ROCKVILLE, Md. — Linda Johnston didn’t have a chance after 23-year-old Kwasi Sadler kicked through her basement door, intent on stealing the keys to her 2007 Toyota Prius, Montgomery County prosecutors said.
Confronted by Johnston, Sadler repeatedly stabbed and cut the 72-year-old, leaving her to die in the bedroom of her home in the 2700 block of Arcola Avenue, in Silver Spring near Wheaton.
“This is the ultimate crime against seniors in our community,” said Montgomery County State’s Attorney John McCarthy Thursday, after Sadler pleaded guilty to the first-degree murder of Johnston, and seven other counts, in circuit court.
Sadler, of Northeast D.C., had told detectives he only planned on stealing Johnston’s vehicle, which he knew she had, because he had recently helped a tenant move out of the room she rented in Johnston’s house.
“I don’t know how I went from stealing cars to murder,” Sadler said during an interview at police headquarters, according to court documents.
Outside the courtroom, McCarthy said Sadler’s comment was self-serving, since after breaking into the home, Sadler armed himself with a knife from Johnston’s kitchen.
“If all you did was go in to steal the car, why’d you have to go get a knife?” McCarthy said, speaking rhetorically about Sadler’s statement.
An autopsy found Johnston was stabbed and cut more than 40 times.

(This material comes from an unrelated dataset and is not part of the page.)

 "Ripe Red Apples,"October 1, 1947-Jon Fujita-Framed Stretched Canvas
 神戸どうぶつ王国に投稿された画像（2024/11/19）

McCarthy described the attack as “savage” and “overkill.”
Prosecutors said Sadler and his girlfriend used Johnston’s credit card in the hours and days after she was killed.
Judge Robert Greenberg accepted Sadler’s plea, and set sentencing for Sept. 6.
The plea agreement says prosecutors will ask for a maximum of life in prison, yet McCarthy said they would likely not ask for that sentence, because of a peculiarity in Maryland parole statutes.
If Sadler were sentenced to life, he would be eligible for parole after 15 years. However, if he received a sentence for a specific number of years, he wouldn’t become eligible until he had served half his sentence.
For instance, if sentenced to 50 years in prison, Sadler would become eligible after 25 years — 10 years later than if he received a life sentence.
“Our objective is to ask for a sentence that basically maximizes the period of time that he’s incarcerated for this crime,” said McCarthy.